:: ASSIGNED TASK ::
Without the pictures, give the entries below again exactly as written.

:: TASK DATA ::

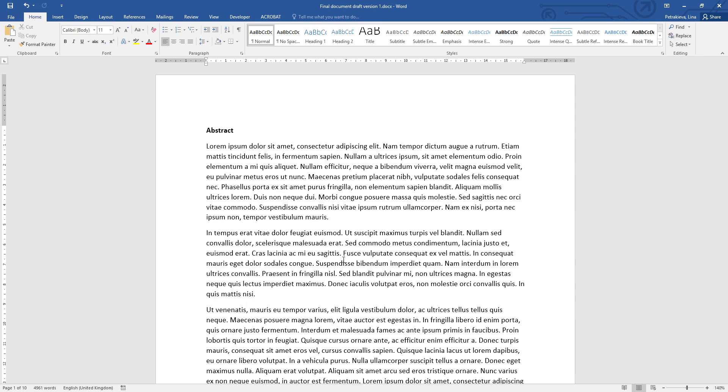The default style for the main text in a brand new document is called Normal, and inside is where all the settings come from: the default font Calibri, the font size 11, the left aligning, and everything else.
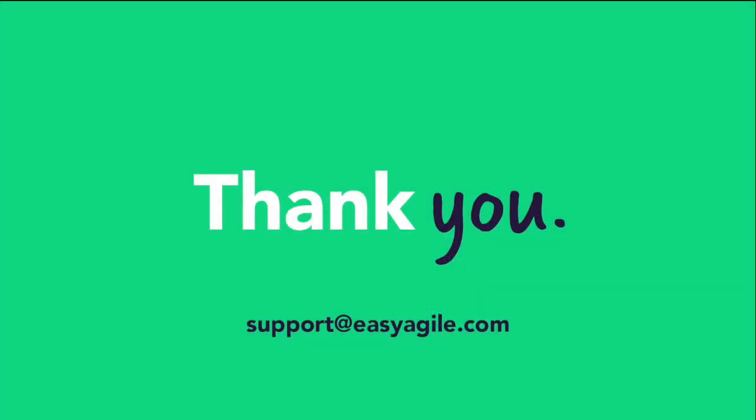For any questions, please feel free to reach out directly to our support team. We look forward to hearing from you.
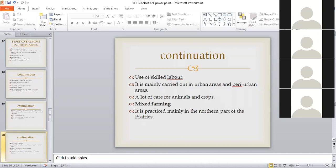Lastly, a lot of care is given to animals and crops. It's not like you just disperse seeds and wait for harvest. You have to carry out weeding, know when they need water and apply it, and know when they need fertilizers — because you want maximum yields.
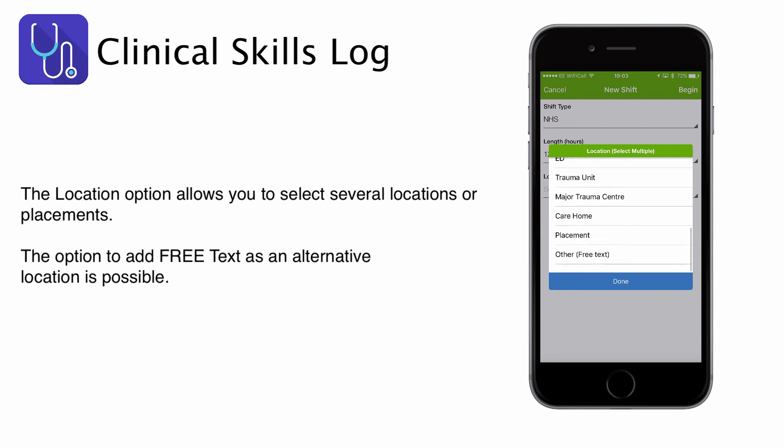Failing that, there's an option at the bottom for free text where you can put your free text in, and that will document in what capacity you were using the app for your shift.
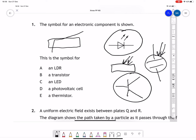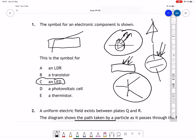The answer is an LED because it's emitting light. A triangle with a line through it is a diode — a light emitting diode. So the answer to number one is C.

:: RESPONSE TO THE EXERCISE ::
The default style for the main text in a brand new document is called Normal, and inside is where all the settings come from: the default font Calibri, the font size 11, the left aligning, and everything else.
For any questions, please feel free to reach out directly to our support team. We look forward to hearing from you.
Lastly, a lot of care is given to animals and crops. It's not like you just disperse seeds and wait for harvest. You have to carry out weeding, know when they need water and apply it, and know when they need fertilizers — because you want maximum yields.
Failing that, there's an option at the bottom for free text where you can put your free text in, and that will document in what capacity you were using the app for your shift.
The answer is an LED because it's emitting light. A triangle with a line through it is a diode — a light emitting diode. So the answer to number one is C.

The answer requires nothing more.